Indian Pharma should look ahead to a more proactive approach to biosimilars and avoid another Chinese API like crisis. Till today, our market is impacted by price and manufacturing fluctuations in the Eastern nation, lending non-competitive our own. To ensure such scenes are successfully averted from repetition, the government should financially aid research-based companies and encourage collaborations with top-level academic institutions.
How to put the best foot forward?
1. Cross-border Partnerships:
The Cost of running trials in India is modest. That is a plus for international companies even though it is an additional burden.

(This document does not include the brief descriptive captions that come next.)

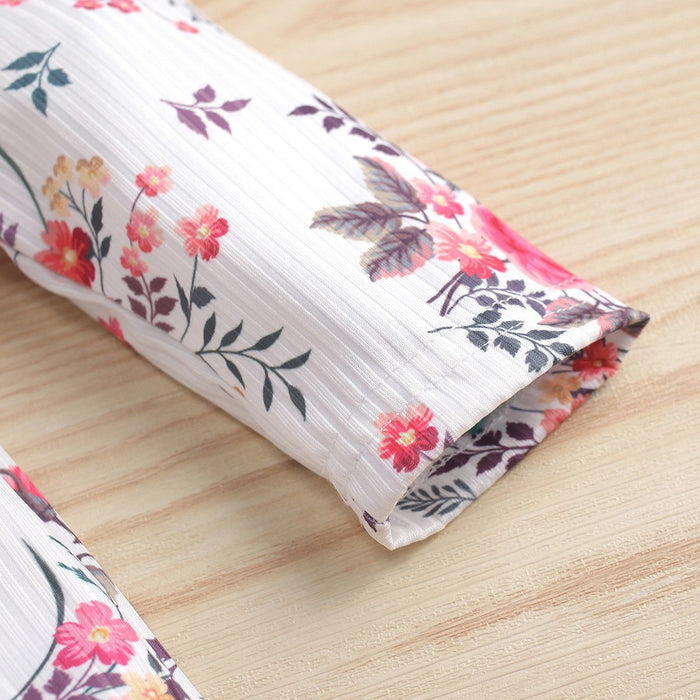 Pit stripe solid color small fly sleeve stitched cardigan girl's dress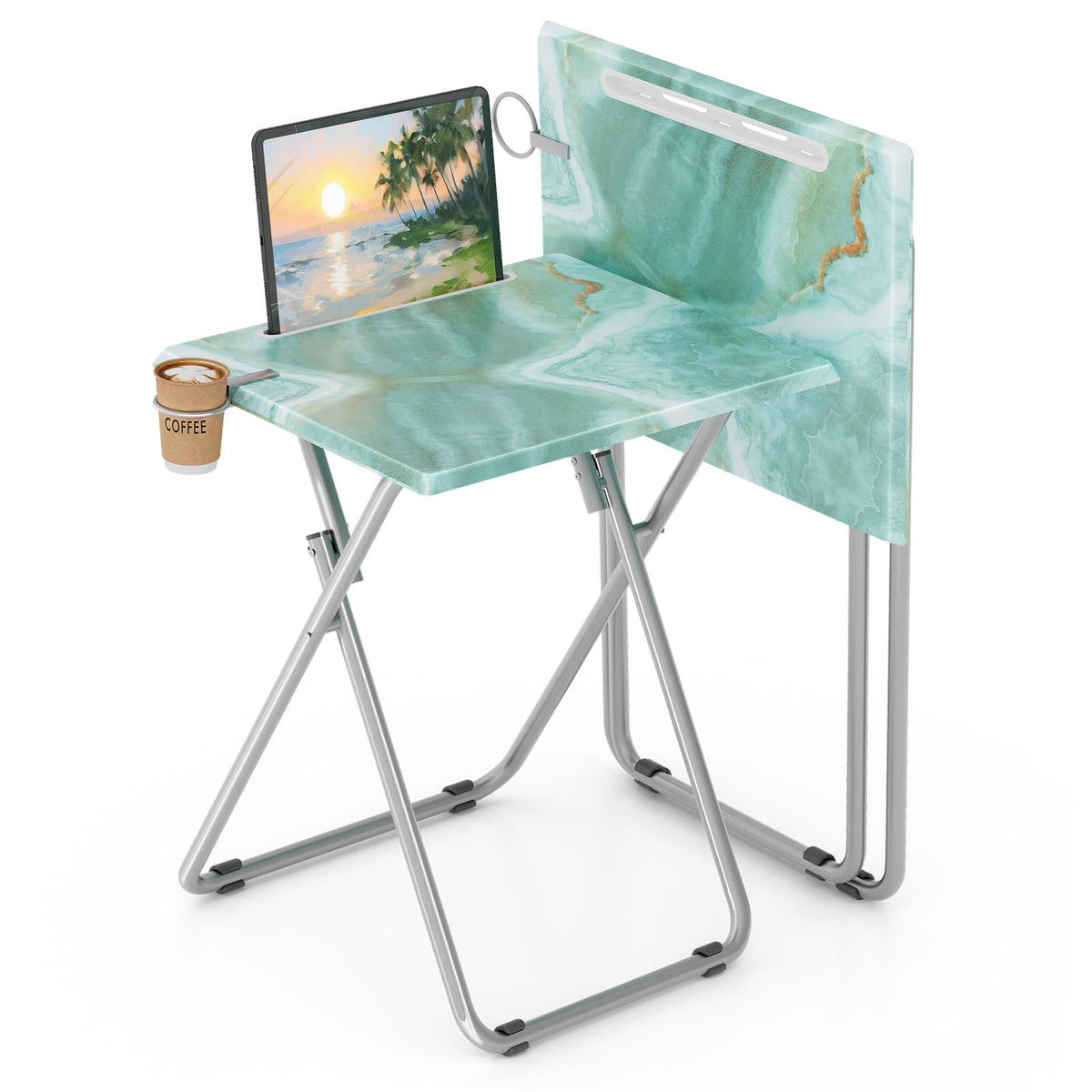 Fleecy day TV tray sea blue marble 2pc set for versatile dining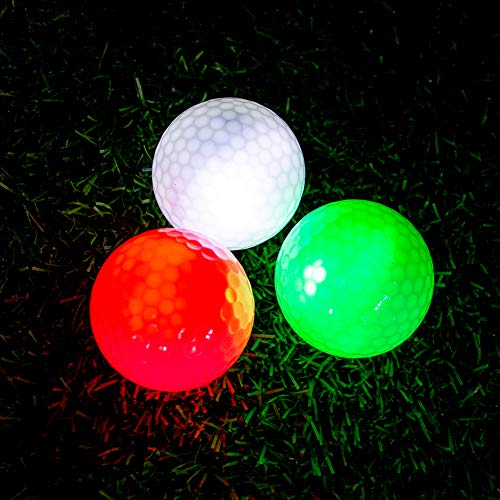 THIODOON Bolas de Golf Luminoso LED de Iluminación de Golf para la Práctica Nocturna de Larga Distancia Brillantes Intermitentes Deportes 6 Colores Para su Elección (Paquete de 3: rojo, verde, blanco)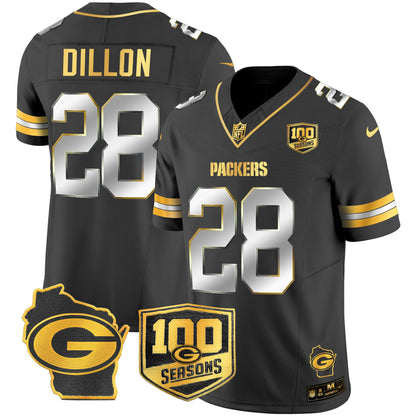 Packers 100th Season & Home Patch Gold Vapor Limited Jersey - All Stitched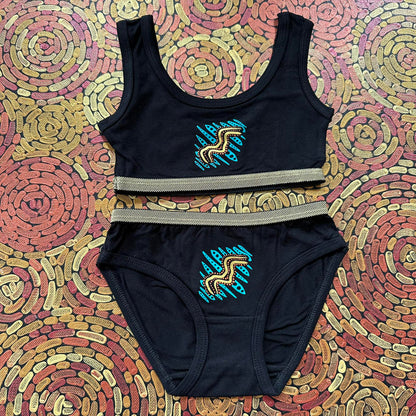 'Water' | Girl Crop & Brief Set | Black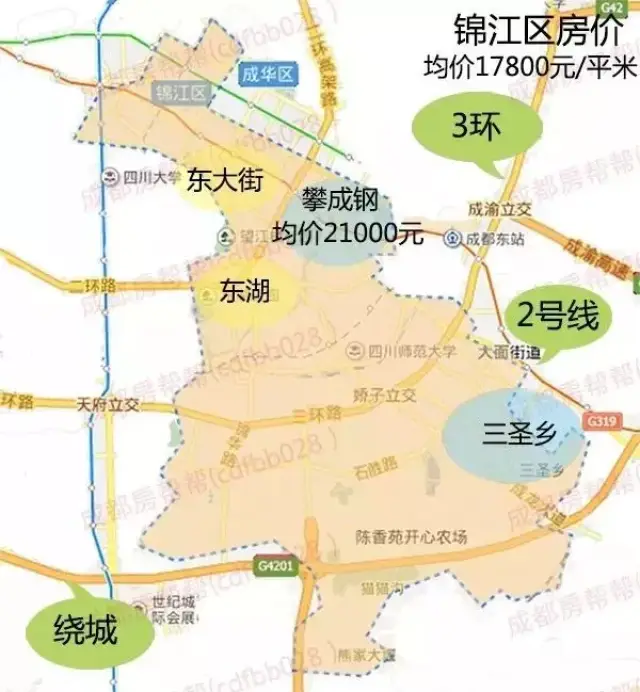 成都11月房价地图:主城区房价17746元/平 就问你怕不怕!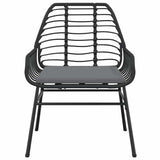 vidaXL 3-delige Tuinset poly rattan glas zwart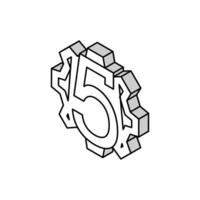 Sept nombre isométrique icône vecteur illustration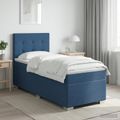 vidaXL Posteľ boxspring s matracom Modrá 90 x 200 cm Látka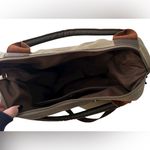 K2 Classic Fashion The Genova Hobo Tote Bag Green Canvas & Leather 18”x16” Brown Photo 6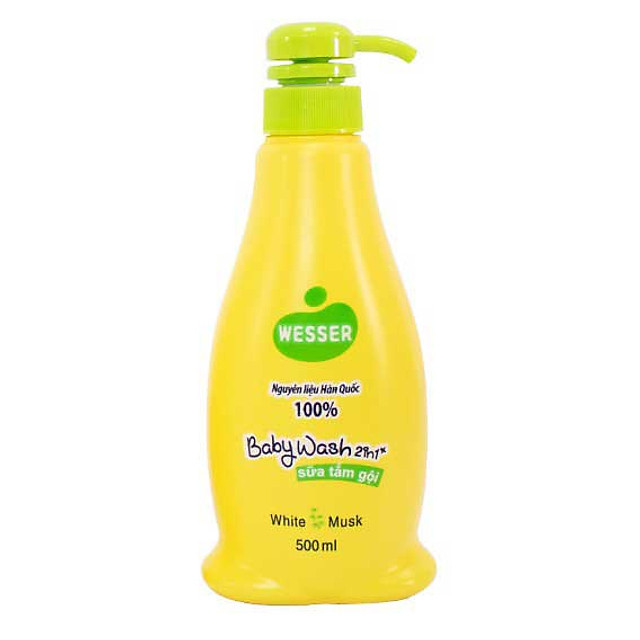 Sữa Tắm Gội Wesser 2in1 Hương Cỏ Xạ Hương (500ml) - Xanh Lá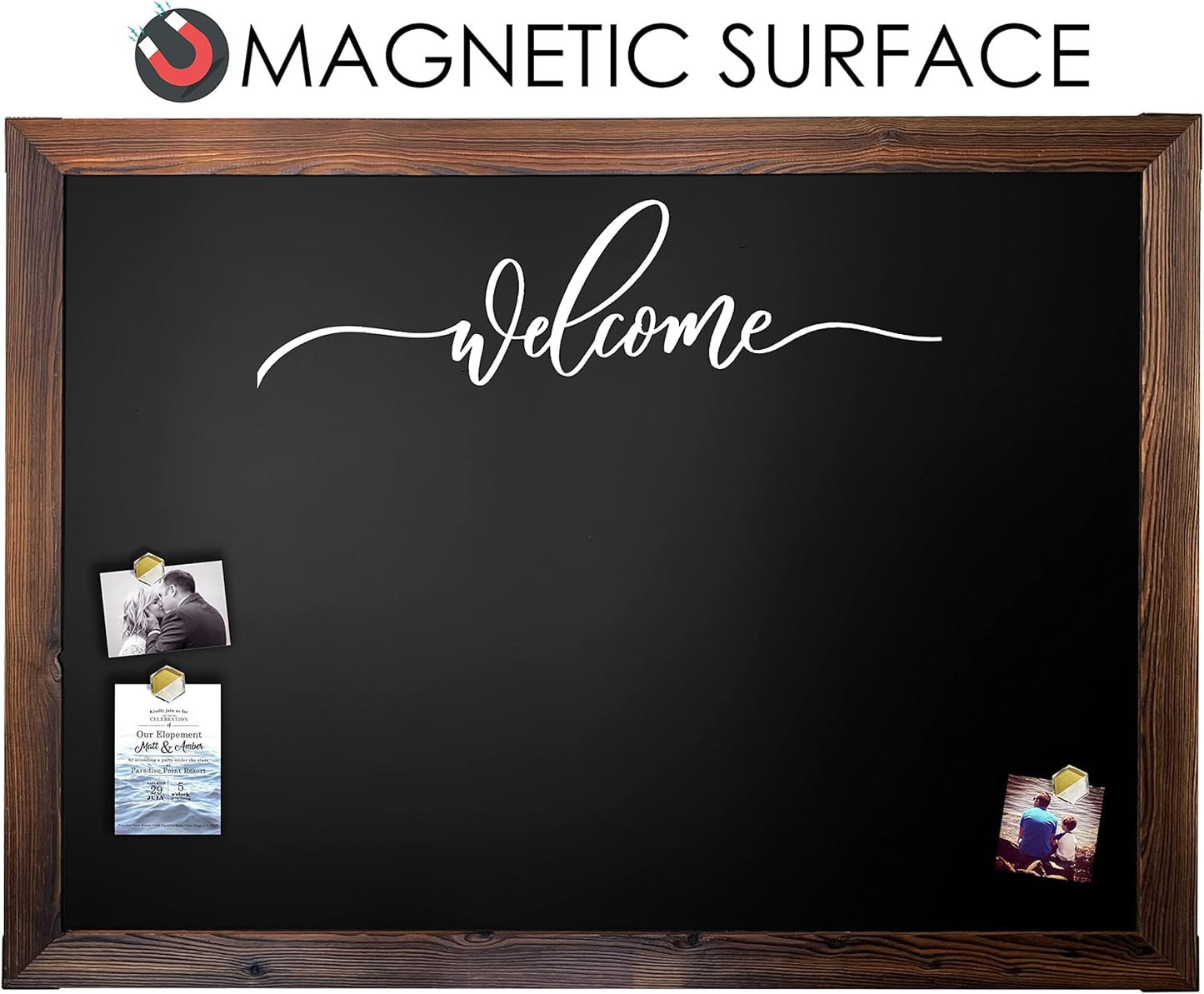 Loddie Doddie Magnetic Chalkboard - 46 x 34.5 in. Rustic Wood Frame - Easy-to-Erase Magnetic Board for Wall Decor & Magnet Display - Chalkboard Sign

Partnership with Indian companies leads to easy penetration in the market and is good for getting access to biosimilars at low production costs. On the other hand, Indian companies gain a better reputation in terms of profiles in other markets. A good example would be Biocon and Mylan. This too calls for Indian companies to be ready for increased regulatory scrutiny.
2. Physician Education:
Goes without saying and is confirmed by our survey. Physicians need evidence to feel convinced about switching to biosimilars. Since clinical trials are a must, there is no reason for Pharma to be hesitant about it.
3. Process Improvement:
Quality is a concern for most people when it comes to Pharmaceuticals, especially from markets such as India due to lack of proper regulations and quality control standards. This can be easily avoided with better and streamlined processes to be at par with the globally accepted standards, and harness more export opportunities.
4. Correct Pricing:
Lack of public healthcare coverage and poor coverage where it exists has driven developers to offer heavy discounts in order to ensure they tap into a huge patient populace. Pricing competitively will definitely facilitate better foothold in the market by increasing the treatment rate, bringing into fold a good proportion of patients receiving biologics. Another way of doing it right is differential pricing where patients with low ability to pay are offered a lower price than people with higher ability.
With the Biosimilars opportunity knocking right at your door, all you need is to brave up, evaluate your risk appetite and scientific caliber, and take determined steps towards innovation.